**PROBLEM TO WORK ON**
Copy every entry word for word, but skip the pictures.

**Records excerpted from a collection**
====

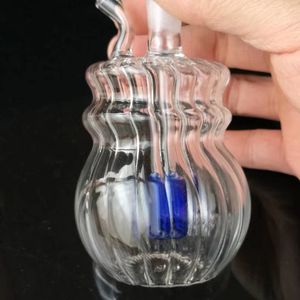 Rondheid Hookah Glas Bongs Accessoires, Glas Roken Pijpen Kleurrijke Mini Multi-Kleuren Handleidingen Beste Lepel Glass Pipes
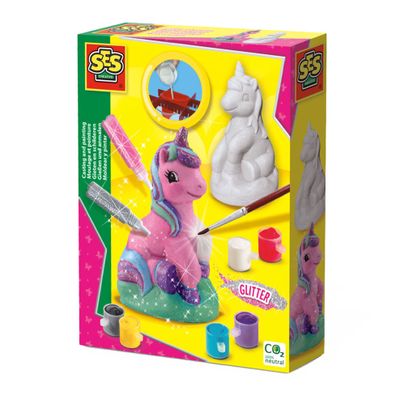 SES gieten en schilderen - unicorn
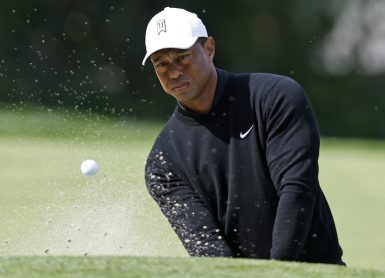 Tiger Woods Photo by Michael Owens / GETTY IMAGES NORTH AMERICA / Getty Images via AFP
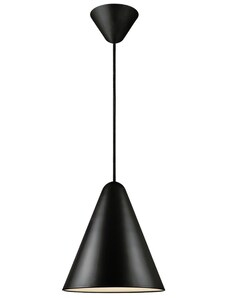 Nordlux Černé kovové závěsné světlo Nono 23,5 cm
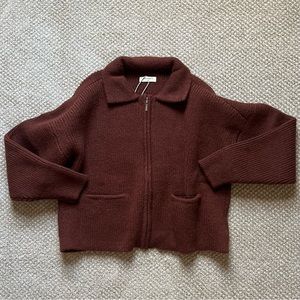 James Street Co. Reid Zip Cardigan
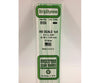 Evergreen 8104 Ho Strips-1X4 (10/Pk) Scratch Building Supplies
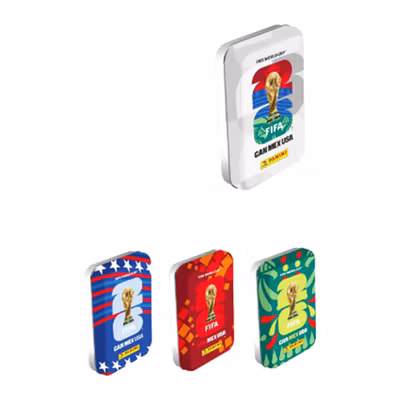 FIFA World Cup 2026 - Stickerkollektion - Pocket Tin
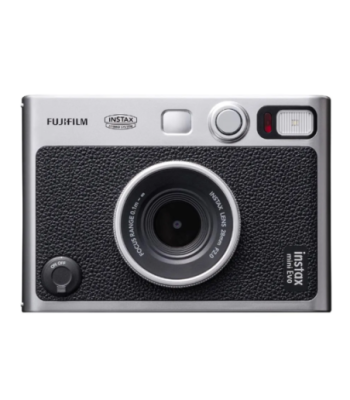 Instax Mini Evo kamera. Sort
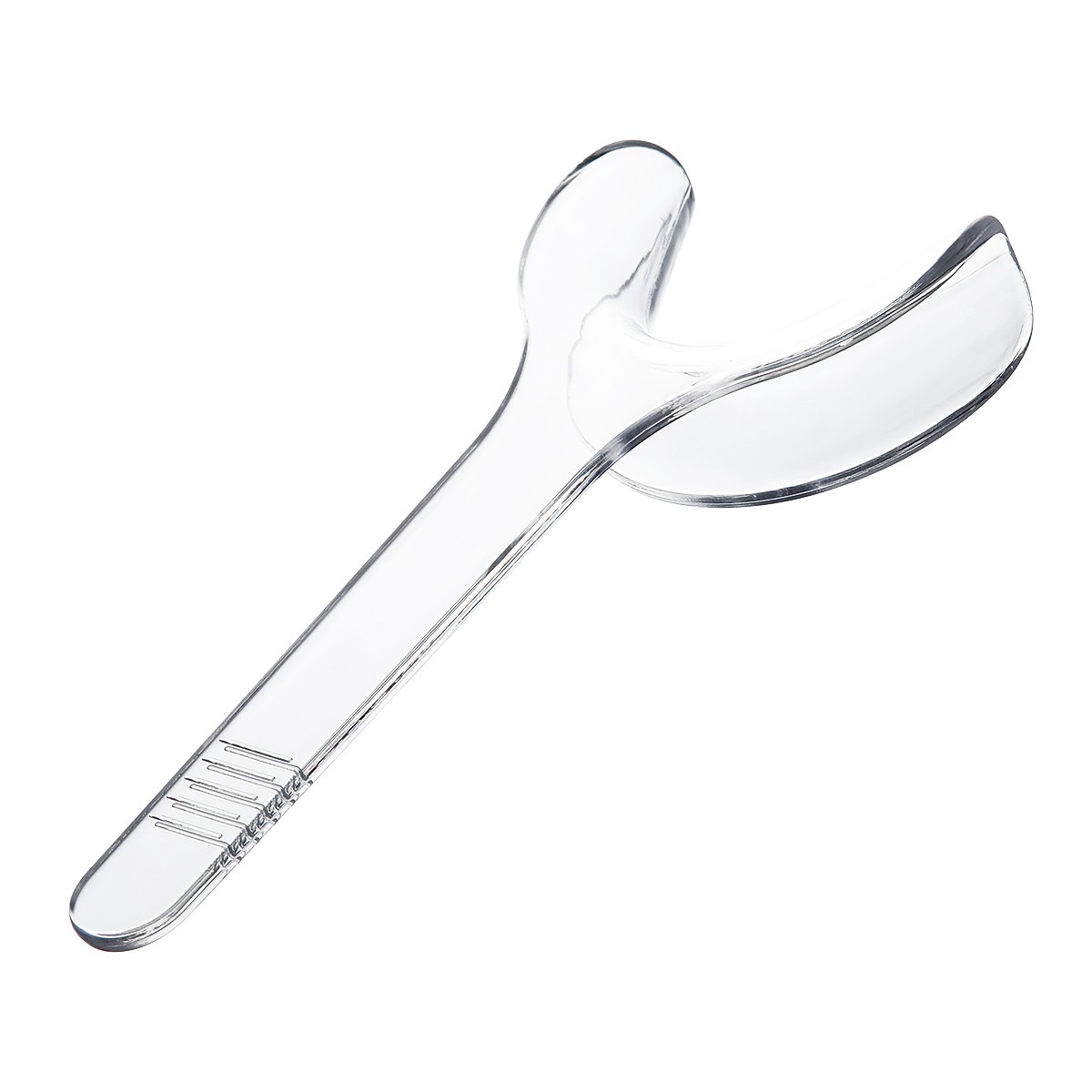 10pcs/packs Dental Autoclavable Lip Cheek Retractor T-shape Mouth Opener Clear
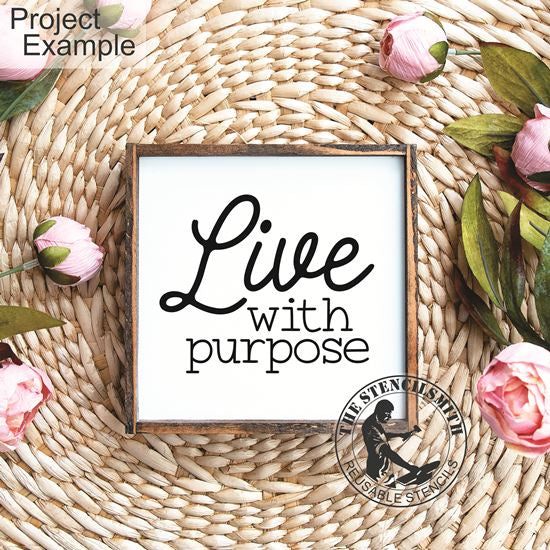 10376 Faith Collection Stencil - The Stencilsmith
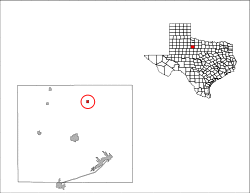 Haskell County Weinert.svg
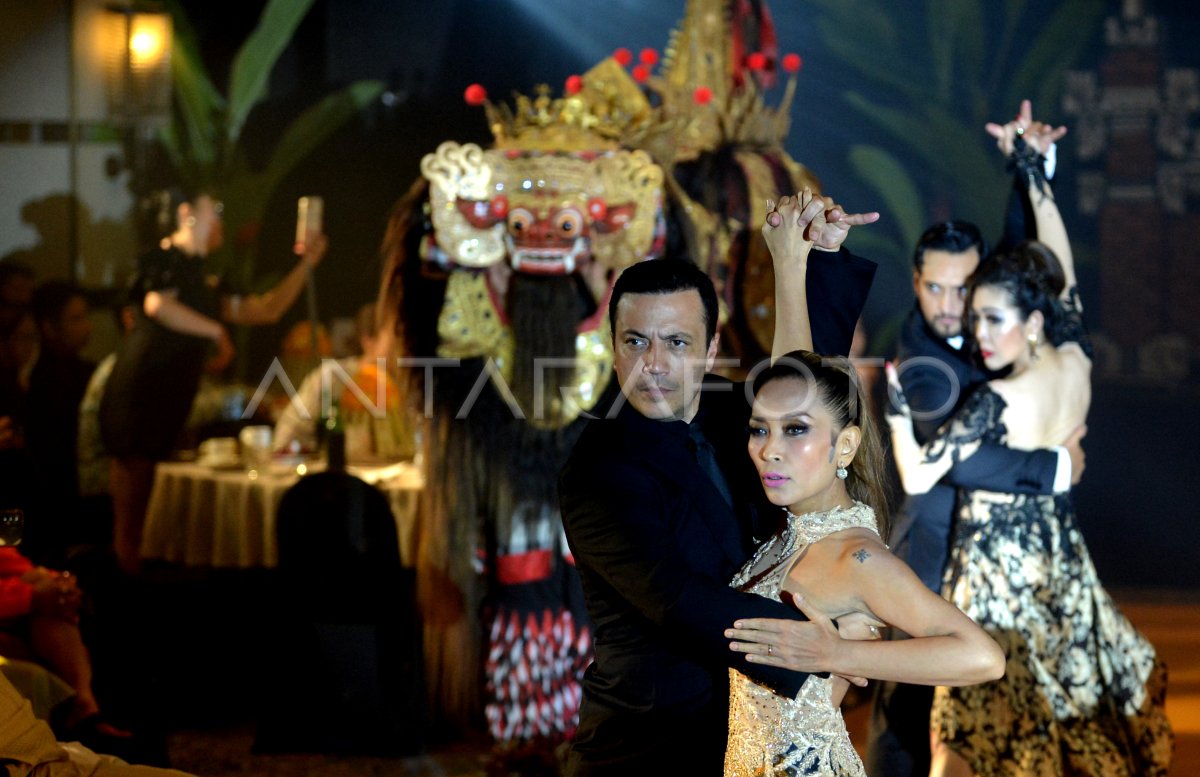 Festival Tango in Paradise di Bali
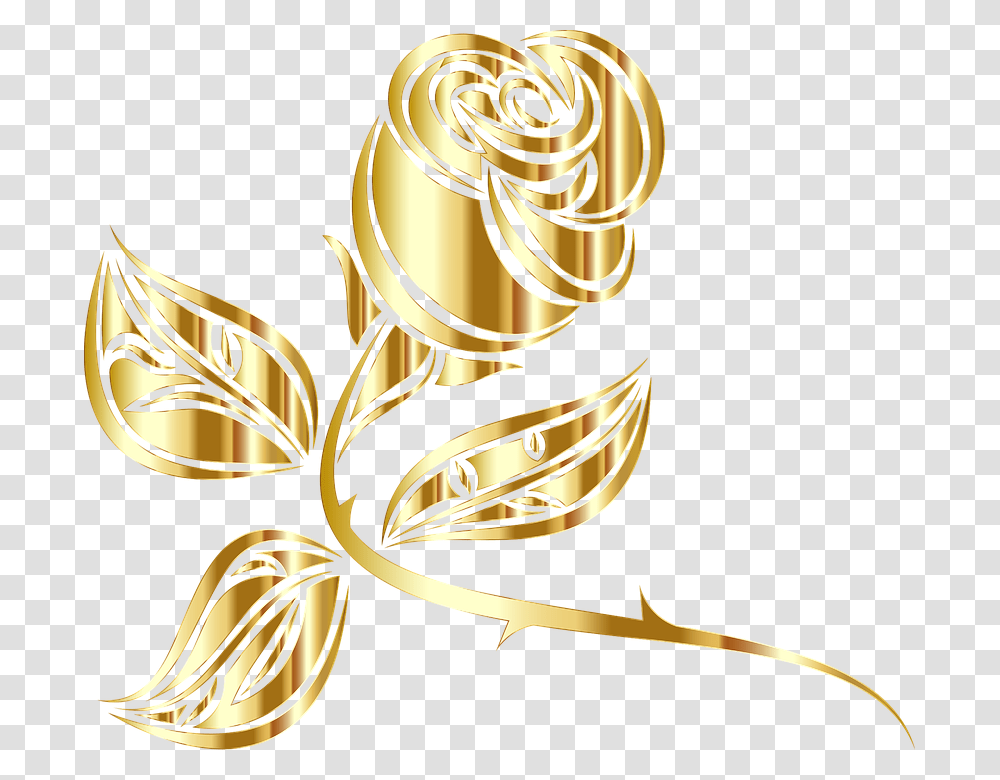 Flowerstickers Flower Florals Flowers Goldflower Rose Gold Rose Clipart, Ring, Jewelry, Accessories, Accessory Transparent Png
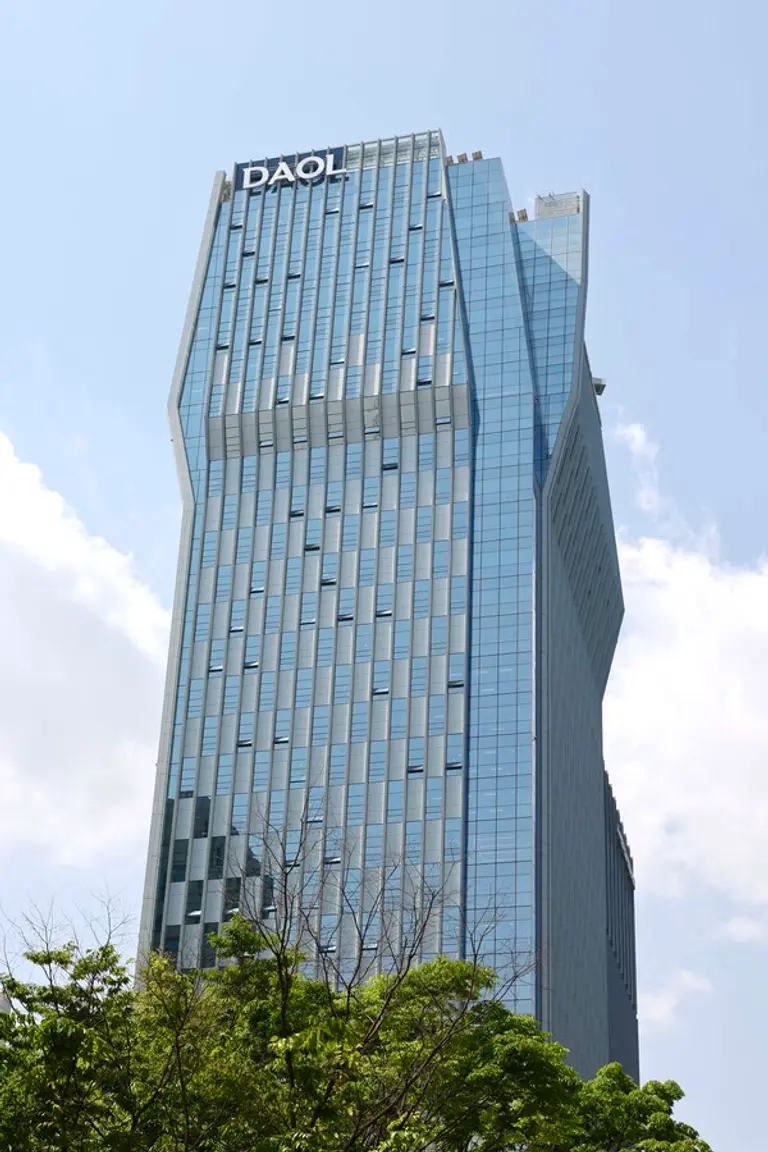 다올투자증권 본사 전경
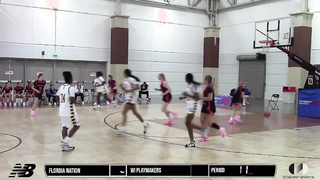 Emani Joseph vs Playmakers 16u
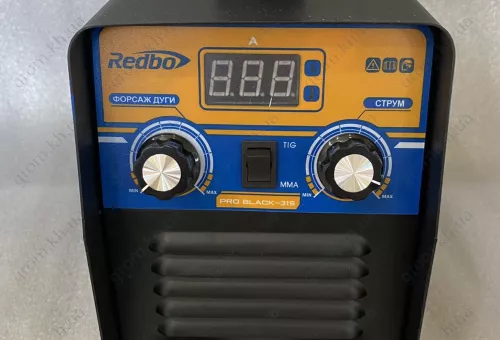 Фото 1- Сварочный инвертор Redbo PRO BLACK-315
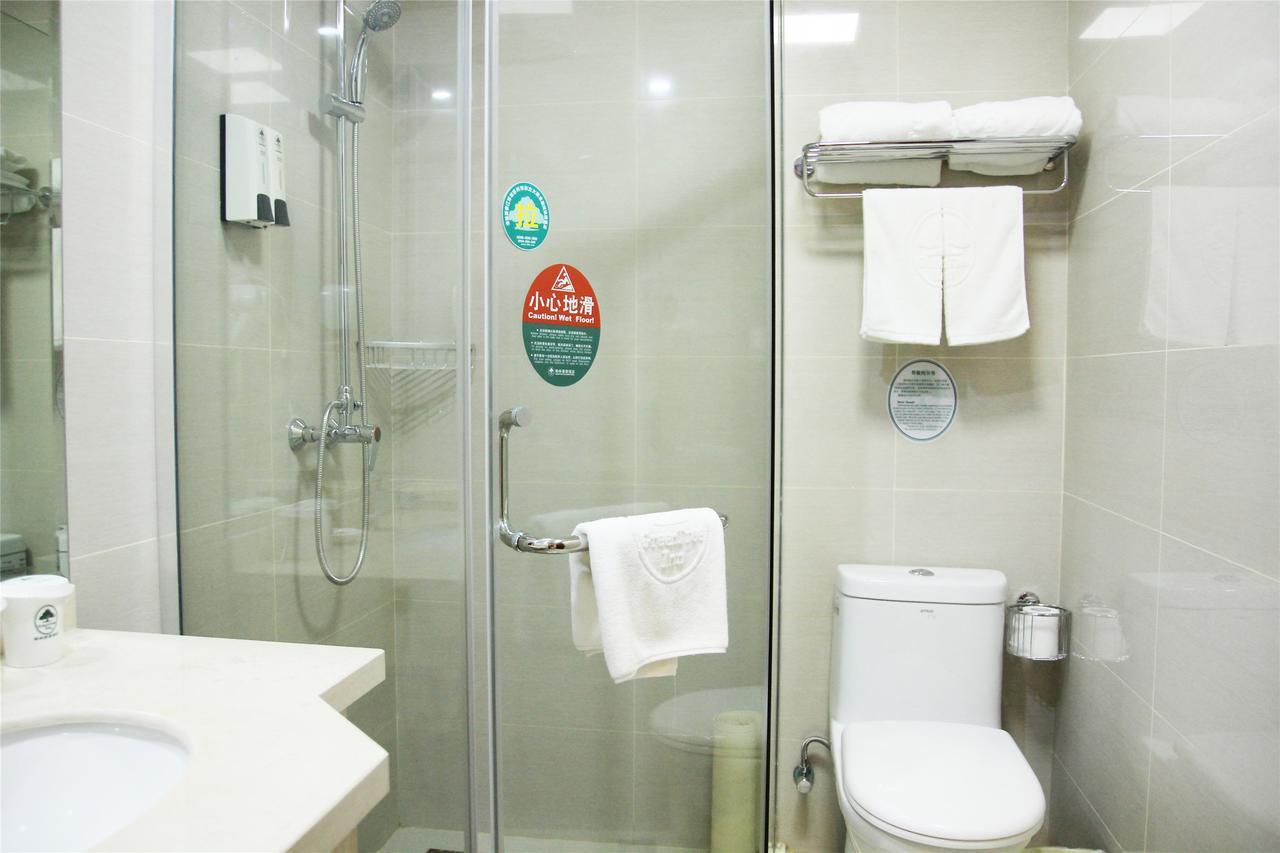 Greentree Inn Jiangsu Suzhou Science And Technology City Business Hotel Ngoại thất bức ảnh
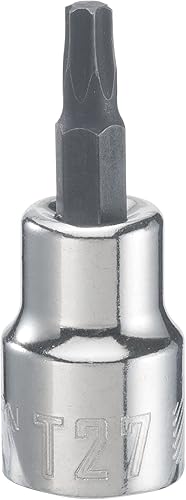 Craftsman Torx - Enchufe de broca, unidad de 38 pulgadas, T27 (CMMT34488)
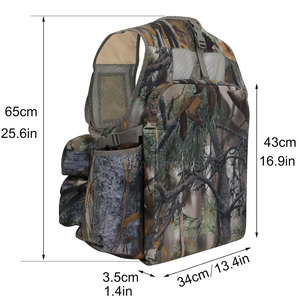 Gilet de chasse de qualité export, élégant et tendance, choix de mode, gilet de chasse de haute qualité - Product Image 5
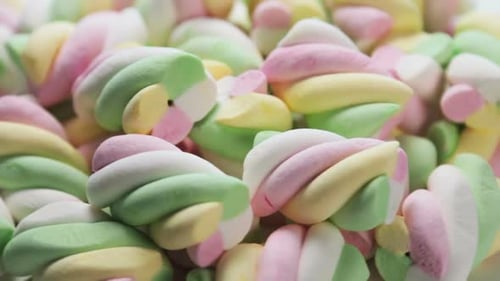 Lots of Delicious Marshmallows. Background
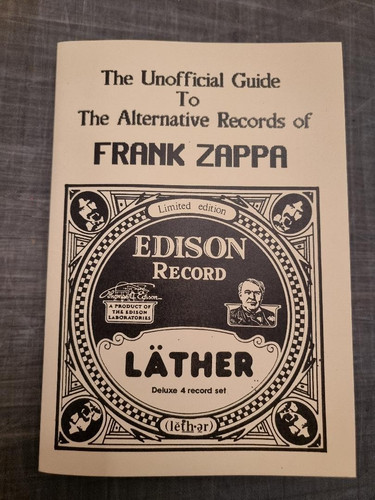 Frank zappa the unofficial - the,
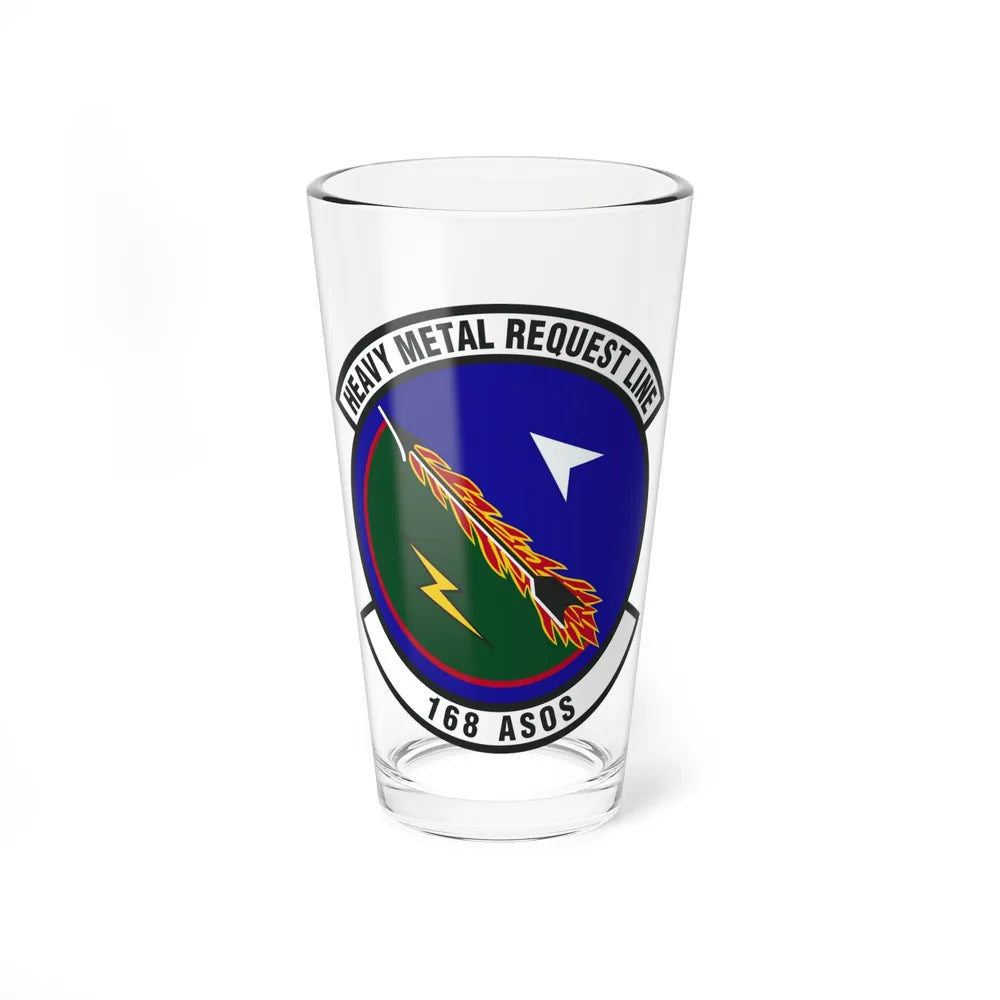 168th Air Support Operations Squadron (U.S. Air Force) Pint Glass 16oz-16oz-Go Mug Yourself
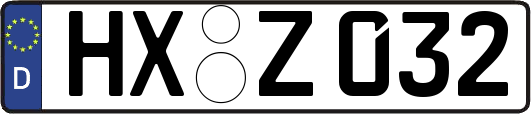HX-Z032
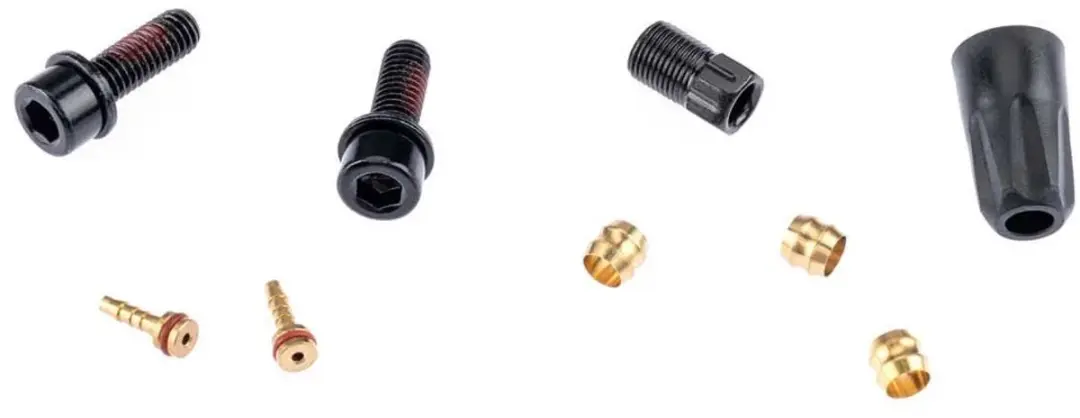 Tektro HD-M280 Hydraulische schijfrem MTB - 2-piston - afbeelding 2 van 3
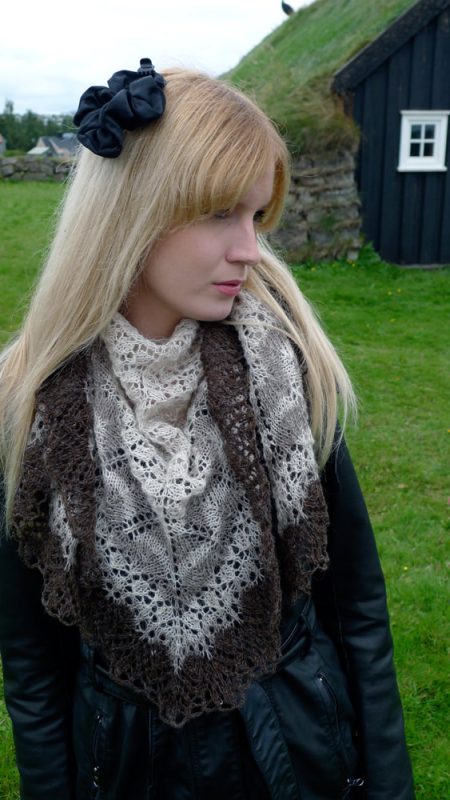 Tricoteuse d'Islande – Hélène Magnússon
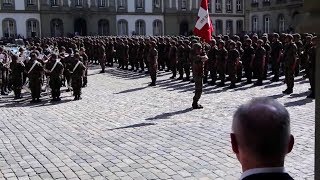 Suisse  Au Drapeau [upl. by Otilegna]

====

**SOLUTION FOR THIS EXERCISE**
 Rondheid Hookah Glas Bongs Accessoires, Glas Roken Pijpen Kleurrijke Mini Multi-Kleuren Handleidingen Beste Lepel Glass Pipes
 SES gieten en schilderen - unicorn
 Tiger Woods Photo by Michael Owens / GETTY IMAGES NORTH AMERICA / Getty Images via AFP
 Nordlux Černé kovové závěsné světlo Nono 23,5 cm
 James Street Co. Reid Zip Cardigan
 Evergreen 8104 Ho Strips-1X4 (10/Pk) Scratch Building Supplies
 FIFA World Cup 2026 - Stickerkollektion - Pocket Tin
 Instax Mini Evo kamera. Sort
 10pcs/packs Dental Autoclavable Lip Cheek Retractor T-shape Mouth Opener Clear
 10376 Faith Collection Stencil - The Stencilsmith
 Haskell County Weinert.svg
 Festival Tango in Paradise di Bali
 Flowerstickers Flower Florals Flowers Goldflower Rose Gold Rose Clipart, Ring, Jewelry, Accessories, Accessory Transparent Png
 다올투자증권 본사 전경
 Emani Joseph vs Playmakers 16u
 Фото 1- Сварочный инвертор Redbo PRO BLACK-315
 Greentree Inn Jiangsu Suzhou Science And Technology City Business Hotel Ngoại thất bức ảnh
 Craftsman Torx - Enchufe de broca, unidad de 38 pulgadas, T27 (CMMT34488)
 Gilet de chasse de qualité export, élégant et tendance, choix de mode, gilet de chasse de haute qualité - Product Image 5
 Lots of Delicious Marshmallows. Background
 Frank zappa the unofficial - the,
 168th Air Support Operations Squadron (U.S. Air Force) Pint Glass 16oz-16oz-Go Mug Yourself
HX-Z032
 Tektro HD-M280 Hydraulische schijfrem MTB - 2-piston - afbeelding 2 van 3
 Tricoteuse d'Islande – Hélène Magnússon
 Suisse  Au Drapeau [upl. by Otilegna]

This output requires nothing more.